Lori Borgman | June 14, 2021
Nearly every restaurant has “Now Hiring” signs posted. Our closest McDonald’s has a sign on the drive-through menu that says, “Now hiring 14- and 15-year-olds.” A pizza place has jammed “Now Hiring” signs in the easement every three feet for the entire length of the block.
Not long ago, a favorite local burger restaurant (with three locations) was on the news talking about how they attended a job fair needing to make 50 hires. Only a handful of people came.
I told the husband maybe I’d apply for a job just to help them out for a bit.
He looked stunned.
“It’s not that different from what I do around here,” I said. “Long hours and low pay.” I also reminded him I had worked in food service three different times in my teens and early 20s.
He reminded me I wasn’t in my teens or 20s. Then he asked exactly how I planned on helping — waiting tables or working in the kitchen.
“I could do either one,” I said, tilting my nose in the air.
“You couldn’t wait tables,” he said.
Sometimes the man has no idea how close he is to danger.
“Why not?” I asked.
“You don’t hear well in big crowds. No restaurant wants a food server yelling at the customers, ‘Speak up, can you? Spell that for me. Here, just take this pad and write down what you want. Great. Now pass it around the table to your buddies.’”
“You shouldn’t make fun of my hearing,” I said.
“What’s that?” he said.
“I could help in the kitchen,” I snapped. “I’m very efficient. I made lunch for 13 yesterday on short notice and at warp speed.”
“You did,” he said, “but everybody had the same sandwich, the same chips and the same veggie sticks thrown into plastic red baskets with paper liners and you announced that if anybody didn’t like it, you didn’t want to hear about it.”
“And the problem would be?” I asked.
“Well,” he hesitated, “you can be inflexible sometimes.”
“Inflexible? Who are you calling inflexible? I am the Queen of Flexible and that’s that!”
I may have raised my voice. He took a couple of steps back.
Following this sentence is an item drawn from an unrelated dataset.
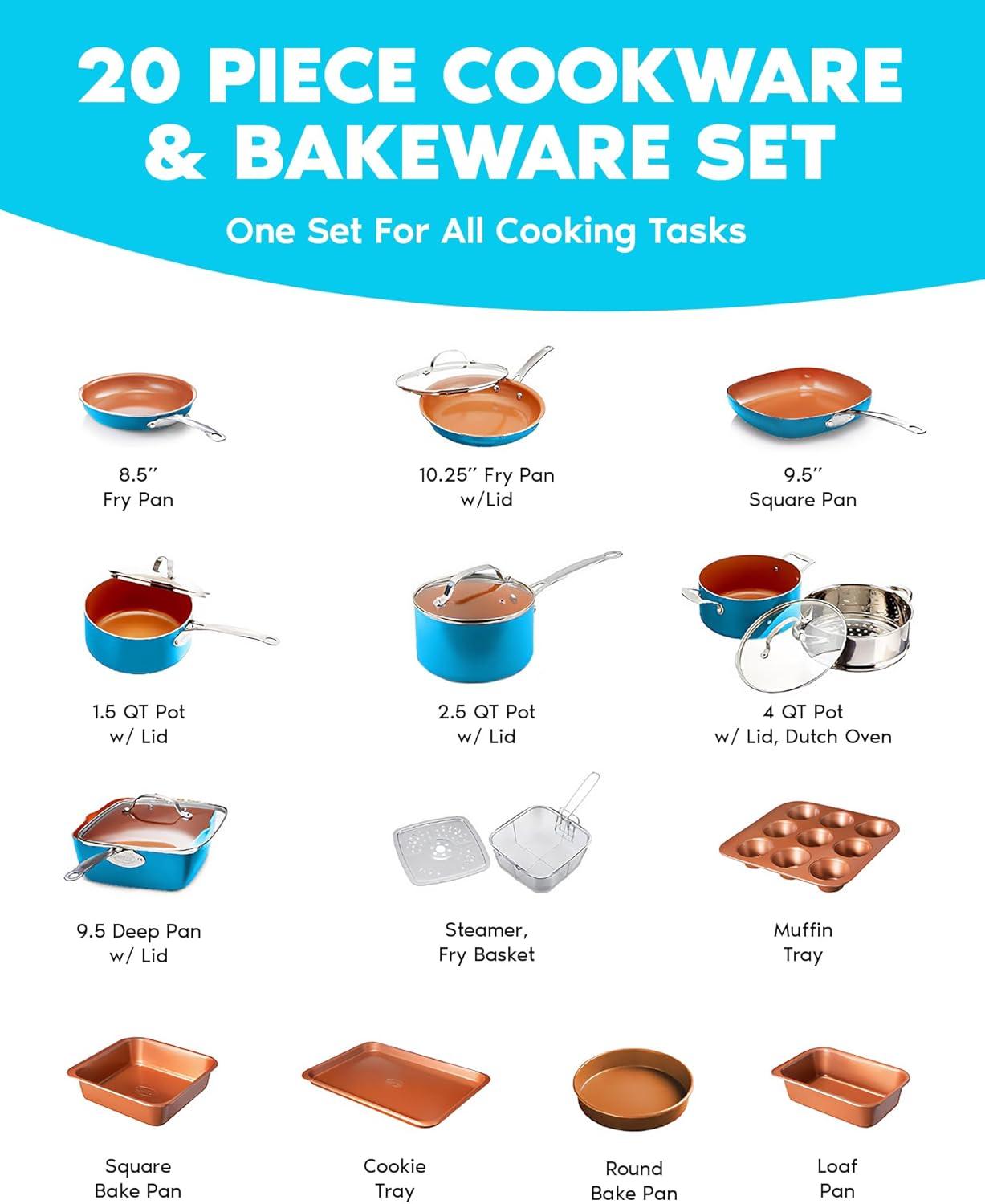Gotham Steel 20 Piece Nonstick Cookware and Bakeware Set, Stay Cool Handles, Oven & Dishwasher Safe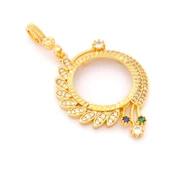 Yarım Altın Çerçeveli Kolye Ucu Altın Kaplama Yuvarlak TGR-617 thumbnail 3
The Queen of Flexible can get hot under the collar (or apron), not to mention inflexible, when discussing flexibility.
Undaunted, he continued: “The first person to send back an order because it has onions and they didn’t want onions, you’d rush out to the table and start lecturing about showing a little gratitude for the food in front of them and tell him to eat it anyway.”
It’s possible, just possible, the man may have made a few good points. Our best contribution to the restaurant industry is to keep doing what we’ve been doing—patronize the locals and tip big.